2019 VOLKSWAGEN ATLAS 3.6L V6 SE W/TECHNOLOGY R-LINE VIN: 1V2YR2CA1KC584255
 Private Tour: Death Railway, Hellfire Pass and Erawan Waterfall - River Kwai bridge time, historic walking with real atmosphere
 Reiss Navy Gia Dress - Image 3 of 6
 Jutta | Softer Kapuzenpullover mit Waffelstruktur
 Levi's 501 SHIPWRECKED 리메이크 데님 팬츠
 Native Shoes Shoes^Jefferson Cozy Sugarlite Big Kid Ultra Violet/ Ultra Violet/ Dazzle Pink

::::

§ TASK OBJECTIVE:
The lines from the one holding "Private Tour: Death" to the last line of the entries, both included: retype them exactly and give nothing else.

§ EXERCISE SOLUTION:
 Private Tour: Death Railway, Hellfire Pass and Erawan Waterfall - River Kwai bridge time, historic walking with real atmosphere
 Reiss Navy Gia Dress - Image 3 of 6
 Jutta | Softer Kapuzenpullover mit Waffelstruktur
 Levi's 501 SHIPWRECKED 리메이크 데님 팬츠
 Native Shoes Shoes^Jefferson Cozy Sugarlite Big Kid Ultra Violet/ Ultra Violet/ Dazzle Pink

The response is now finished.